Hauser & Wirth now operates out of eight cities worldwide—which will soon become nine, once plans for an arts center in Menorca come to fruition. This year, the gallery launched Ursula, a publication under the direction of former New York Times writer Randy Kennedy. And ahead of Art Basel in Basel, the gallery’s publishing arm opened its own headquarters in Zurich. The gallery also announced its nonprofit scholarship initiative, the Hauser & Wirth Institute, in late 2018.

Meanwhile, Gagosian opened a location in Basel over the summer, expanding its portfolio to 17 exhibition spaces in 10 cities.

David Zwirner, whose galleries grace a relatively meager four cities, nevertheless has asserted its own dominance as a media organization, having launched a partnership with big-five publisher Simon & Schuster this year and a podcast in 2018. The gallery also expanded to Paris in October, and will open a Renzo Piano–designed gallery in Chelsea in 2021.

This apparent arms race—to dominate through media, brick-and-mortar locales, and scholarship—shows no signs of stopping. Throughout the 2020s, I believe we’ll see these four galleries invest even more in their physical spaces, set up shop in new cities, and continue to blur the lines between commercial businesses and art institutions with higher aims. They’ll mount more “museum-quality” shows and offer lectures similar to what a nonprofit might offer. By the end of the next decade, the average art viewer may have trouble telling the difference between a mega-gallery and a museum.


Galleries will enhance their online presence

It’s expensive and exhausting for galleries to travel the world and ship their wares overseas. Over the next decade, they’ll focus on fewer fairs and enhance their online presence—predominantly with viewing rooms, or portals off the gallery website where potential buyers can see works situated in living spaces. Mid-size and smaller galleries, in particular, will embrace this selling strategy, finding it a more affordable alternative to purchasing art fair booths. (Full disclosure: As a staff writer for Artsy Editorial, I work alongside an online marketplace that offers such services to galleries.)
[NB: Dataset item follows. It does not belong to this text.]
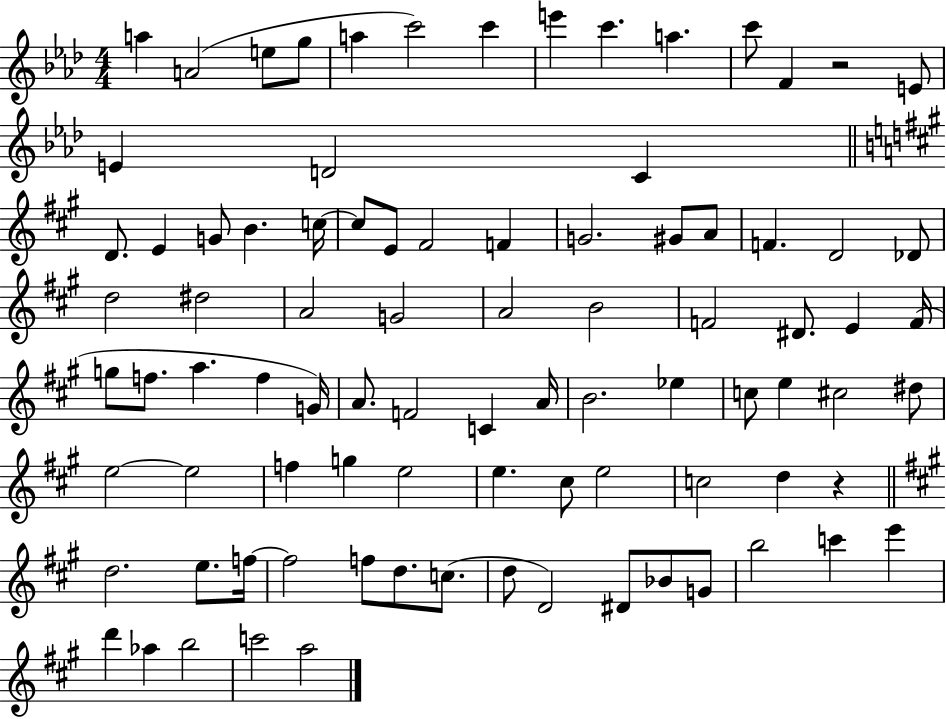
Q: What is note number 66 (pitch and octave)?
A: D5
In March, the art world received its most significant evidence yet of just how effective this strategy can be. Gagosian launched an online viewing room solely dedicated to an untitled 1988 Albert Oehlen painting with an asking price of $6 million. According to gallery director Sam Orlofsky, the work sold within three hours of launching the site.

In the future, I believe that sale will look like more than a one-time stunt. It will be seen as a moment that encouraged galleries of all sizes to invest in their online capabilities, as well as one that spurred collectors to think more seriously about buying art on the internet.
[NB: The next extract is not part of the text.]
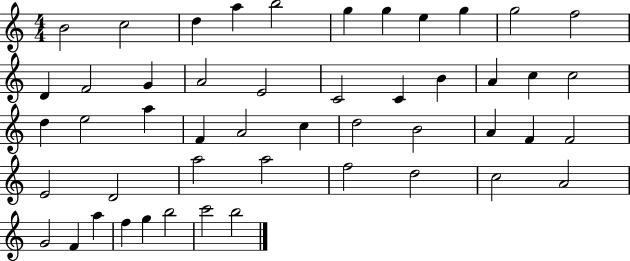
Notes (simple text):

B4/h C5/h D5/q A5/q B5/h G5/q G5/q E5/q G5/q G5/h F5/h D4/q F4/h G4/q A4/h E4/h C4/h C4/q B4/q A4/q C5/q C5/h D5/q E5/h A5/q F4/q A4/h C5/q D5/h B4/h A4/q F4/q F4/h E4/h D4/h A5/h A5/h F5/h D5/h C5/h A4/h G4/h F4/q A5/q F5/q G5/q B5/h C6/h B5/h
Museums will “remix” their collections

When MoMA reopened in October with an additional 38,000 square feet of gallery space, the way curators had “remixed” the collection on view received near-universal acclaim. In a much-discussed coup, the curators paired Faith Ringgold’s apocalyptic painting of race and violence in America, American People Series #20: Die (1967), with Pablo Picasso’s iconic Cubist breakthrough, Les Demoiselles d’Avignon (1907). Viewers could connect his fractured picture plane with her angular image of a shattered society.

Privileging ideas about artistic communities over notions of solitary artistic genius, MoMA also curated a room featuring photographs, sculptures, and paintings made in Paris throughout the 1920s. A voluptuous landscape by Brazilian painter Tarsila do Amaral now hangs across from a Fernand Léger costume sketch and a sculpture by Constantin Brancusi made of bronze, wood, limestone, and marble. With these types of arrangements, MoMA took major steps to undermine the hierarchies that have long pervaded art history. The old reverence for painting as the pinnacle of aesthetic expression will only continue to decline over the next decade.

I predict that museums around the world will follow MoMA’s lead and recognize that traditional art-historical schemas are more restrictive than enlightening. The best of these reshufflings will be brilliant. Some may miss the mark, embracing chaos over curation.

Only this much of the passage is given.